Maintenance programmer coming after us is likely to suffer the consequences of any surprising change pattern we’ve left in the design. Software bugs thrive on surprises.
Change coupling isn’t always a bad thing. For example, there should be change coupling between unit test and code under test. It comes bad when there is a surprise in change coupling, really bad.
Even if we find change coupling between files, it may be hard to act on that information, says Tornhill. But if we do change coupling analysis in function level (like we did with hotspots), we will know surprising change patterns between functions and we know better what to fix.
There were few new refactoring techniques in the book for me. Those try to fix hotspots and surprising change couplings.
This is a simple technique to remove surprise from change coupling: move related code together. It is easier to detect change coupling when related functions are in a row.
The main advantage of a proximity refactoring is that it carries low risk.
When writing a new code we usually try to put related functions in a row. But when time goes by, there appear new functions in the wrong places. We often forget proximity refactoring even if it is really important.
Splitting hotspot into parts is called splinter pattern. It is easier to maintain many smaller pieces of code than having a group of developers work on one large piece of code, says Tornhill.

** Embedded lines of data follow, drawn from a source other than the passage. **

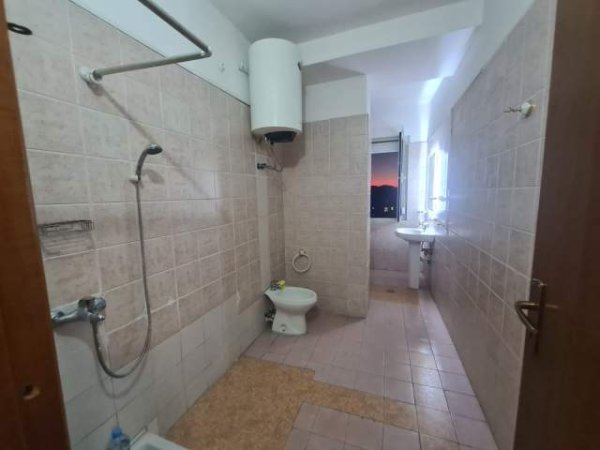 Tirane, jepet me qera ambient zyre Kati 8, 140 m² 705 Euro (prane Ministrise se Jashtme)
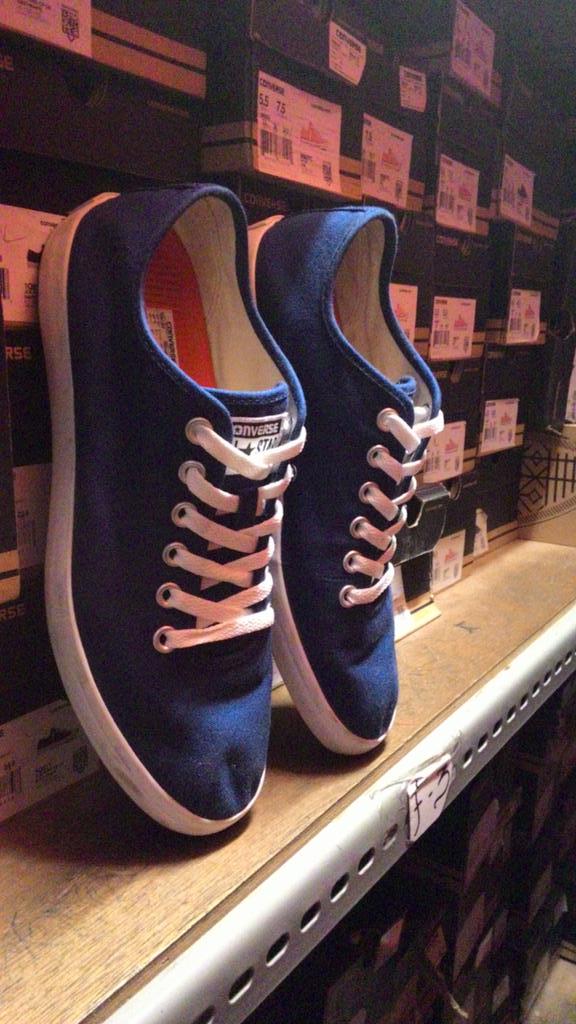 Converse allstar size 43, baru pake seminggu john masih fresh :D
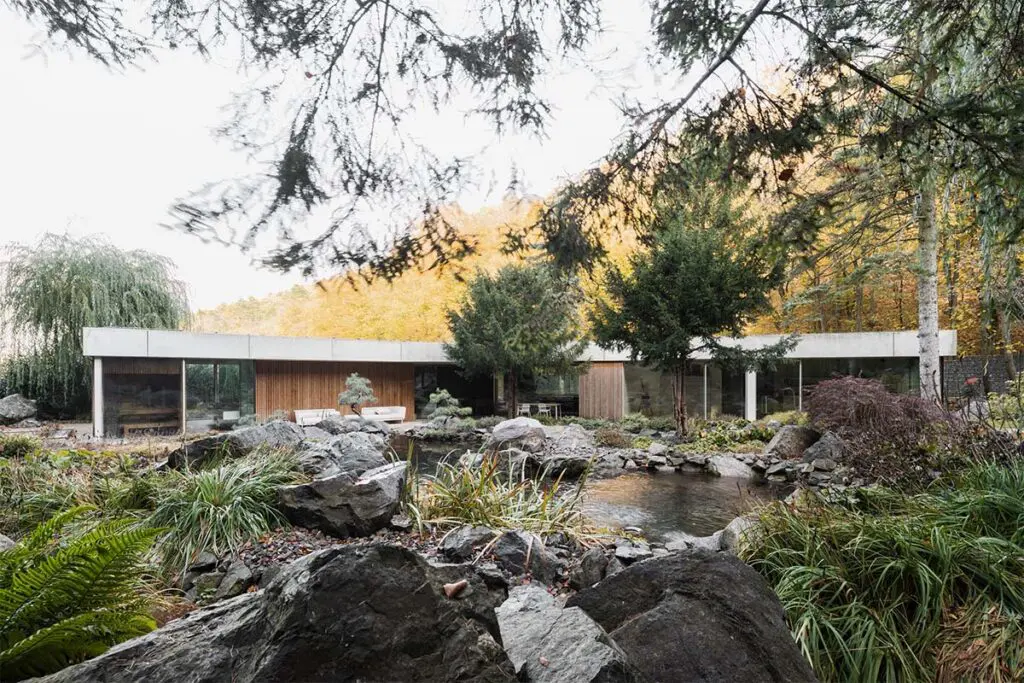 Una vivienda en eslovaquia pensada para desaparecer en el bosque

At first, splinter pattern sounds peace of cake but it isn’t, at least if the hotspot is big and there are many programmers. Reason for difficulty is that hotspot changes constantly by many developers, and thus it is difficult to refactor. And also because it is large, it makes other challenges to refactor. Splitting it first into two parts etc. helps to refactor it or use facade pattern while refactoring.
Hotspots are painful and they keep getting more complex all the time, and its already high interest rate keeps growing:
The hotspot has many reasons to change. This leads to a downward spiral where every interesting new feature has to touch the hotspot code, which reinforces its change rate by adding yet another responsibility.
We should fix hotspots before they get too big.
“This is really interesting and simple. Why didn’t I realize this earlier?”, this repeated many times while reading this book. Many things in the book were new for me, even if I thought I know a lot about code quality. Behavioral code analysis is a more effective way to analyze our code than static code analysis. It reveals where we really should start to fix our code quality and where are surprising change couplings in our code base.
I only mentioned a couple most interesting things from the book. For example, Tornhill introduced CodeScene tool and git commands to do these analyses that I skipped here. You can have quick look for CodeScene’s reports in this article in Tornhill’s web page: Software (r)Evolution – Part 1: Predict Maintenance Problems in Large Codebases
Following talk is practically an abstract of this book: GOTO 2017 • A Crystal Ball to Prioritize Technical Debt • Adam Tornhill.
I warmly recommend developers, architects, and their managers to read this book and get a new view on your code base.